The others turned to Yukio, obviously accepting her as their new leader. She seemed conflicted.
“I am the heir apparent to Senpai Sally,” she said. “As such, the retribution for her death falls to me. I must kill you at the first opportunity, which would happen if you open this cell. Honor demands it.”
“I understand that. But Sally told me to tell you that she wanted you to help us.”
“You would say anything to be spared the wrath of the Yandares,” Hana said coldly.
“She told me that duty is heavier than a mountain, but death is lighter than a feather. That friends will kill for you.”
The women stood stock still, exchanging glances with each other. Finally, Yukio fixed Quinn with a penetrating stare.
“Good friends will die for you,” she said warily.
Quinn nodded. “But best friends will die with you.”

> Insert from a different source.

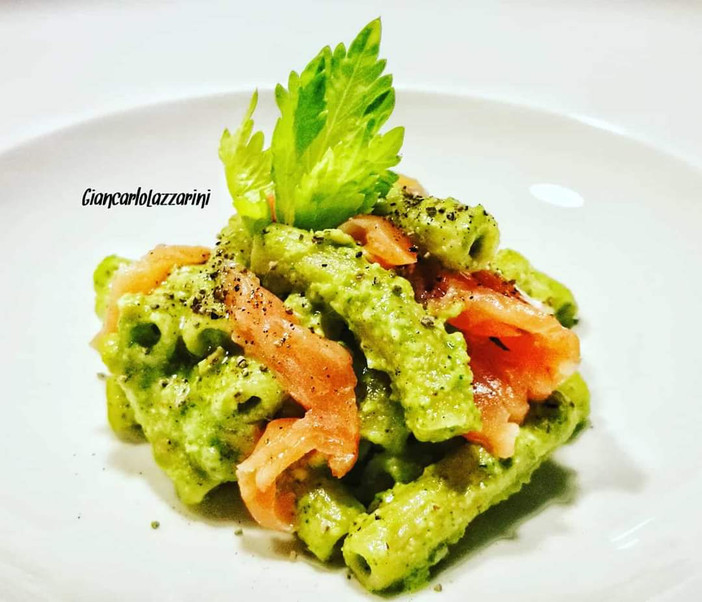Ricetta: Pasta con sedano e salmone affumicato Ricetta: Pasta con sedano e salmone affumicato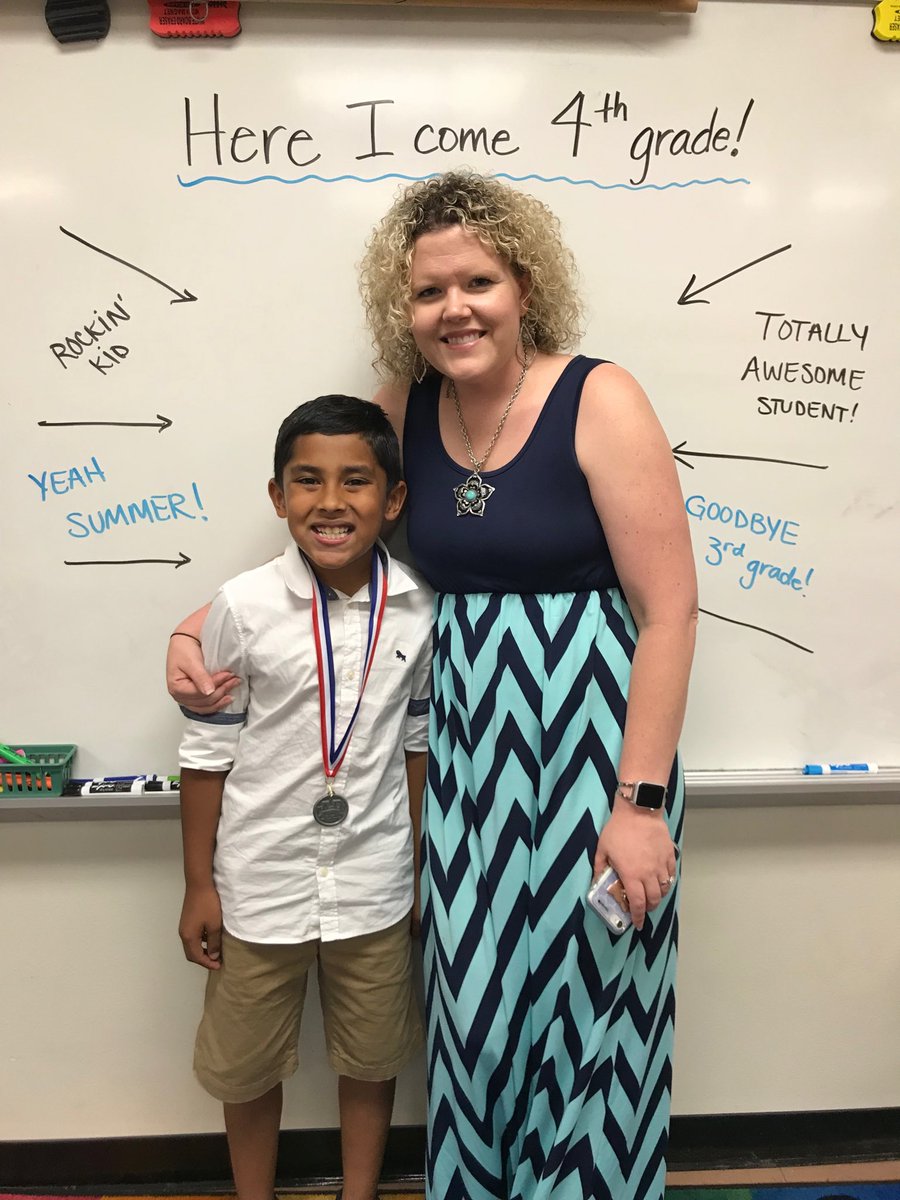 TraceyHardin18's tweet photo. Awards day. One of the best days of the year. Hard work pays off! #bbproud #runnersnotriders https://t.co/lI8dfPsEPv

They all stood in silence for several long moments, Yukio’s gaze never leaving Quinn’s. Finally, she closed her eyes and leaned her head back.
“The Yandares will fight at your side,” she intoned. “You have nothing to fear from us.”
“What about the Saints?” he asked.
She pitched her head forward and fixed him with another glare.
“Don’t press your luck,” she said coldly.
I’ll take what I can get, Quinn thought. He turned to Maggott, who nodded. “No time like th’ present, sir.”
Quinn looked up at the camera that was mounted to the wall midway through the corridor, the one facing the cell doors. The one Dev Schuster was hopefully monitoring from the infirmary.
He raised his hand to the camera and brought it down in a swift motion. It was time to do this thing. Time to open the cells and unleash hell on Oberon One.
A second later, the cell doors were still shut tight, but a piercing alarm almost split his eardrums in half.
35
“How interesting,” said Kergan, staring at the bank of monitors on the wall. “They have tried to open all the cells at once. Obviously it didn’t work.” He frowned. “Shut off that alarm.”